I have made a breakthrough. Modest though it may be, I have found a chink in Fly’s armour and I’m working it for all it’s worth. On our first outings as a shepherding team, Fly and I fell at the first hurdle: she completely ignored me. Which made working together less than constructive, given that I was as cross as a wasp and she was doing whatever she fancied, the implication being that I had no idea what I was on about.
But a momentary lapse one day revealed that under her tough façade of sheep-focussed professionalism, Fly has a puppyish weakness for playing with sticks. And the thing about playing with sticks is that you really need to have someone to throw the stick for you. Otherwise, it’s not so much a game, it’s just running about with a stick in your mouth. So for the first time, Fly noticed that I existed, that I had purpose. She looked in my direction, made eye contact. For the first time, I had power in the relationship.
Now it has not wholly escaped my attention that rather than having asserted my dominance over the dog, I’m actually being manipulated by her. But as long as I can manipulate her right back and get her to do at least a modicum of what I want, I’m happy to turn a blind eye to that. I’m working on the premise that if it’s more fun to be with me than without me, Fly will choose to be with me.
It’s not exactly One Man and His Dog, but what I’m trying to get her to do is focus on me long enough for us to go together to where the sheep are, to do a bit of work, then come back together once we’ve finished. Until now, Fly has preferred to slink out off the kennel and purposefully dash up to the field where she believes the nearest group of sheep to be. She waits there to be told what to do, then once we’ve finished she dashes off somewhere else to look for more sheep, whether I like it or not.
Since there’s nothing more frustrating/exasperating/humiliating than yelling ineffectually as a dog rapidly disappears over the horizon, I have learned to hoodwink Fly with my new secret weapon. I’ve upgraded from a stick and now have a red ball on a string.

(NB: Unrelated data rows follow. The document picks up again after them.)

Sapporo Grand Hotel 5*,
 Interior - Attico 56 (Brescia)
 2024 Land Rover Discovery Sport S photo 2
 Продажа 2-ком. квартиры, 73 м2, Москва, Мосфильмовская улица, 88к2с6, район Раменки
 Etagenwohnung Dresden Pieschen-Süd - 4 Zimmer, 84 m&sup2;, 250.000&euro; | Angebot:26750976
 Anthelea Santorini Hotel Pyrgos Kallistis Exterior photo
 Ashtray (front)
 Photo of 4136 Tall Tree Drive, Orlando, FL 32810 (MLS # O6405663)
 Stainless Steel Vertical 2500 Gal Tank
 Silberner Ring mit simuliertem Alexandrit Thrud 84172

Fly loves the red ball almost as much as she loves sheep. Her focus on it is so laser-like that she’ll stick with me all the way to the furthest group of sheep in the furthest field. She’ll then work the sheep broadly to my instruction (in this department it’s my skill that’s lacking not hers) and when we’re finished and she’s had the “that will do” command, she’ll lock straight back on to the red ball and come home with me.
With this small victory under our belts, I must now consider what’s next. Unavoidably, for Fly and I to progress any further in our shepherding partnership, the onus is on me to learn how to effectively ask her to do what I want with the sheep. I fear this may require something more than a red ball on a string. I may have to invest in the One Man and His Dog box set.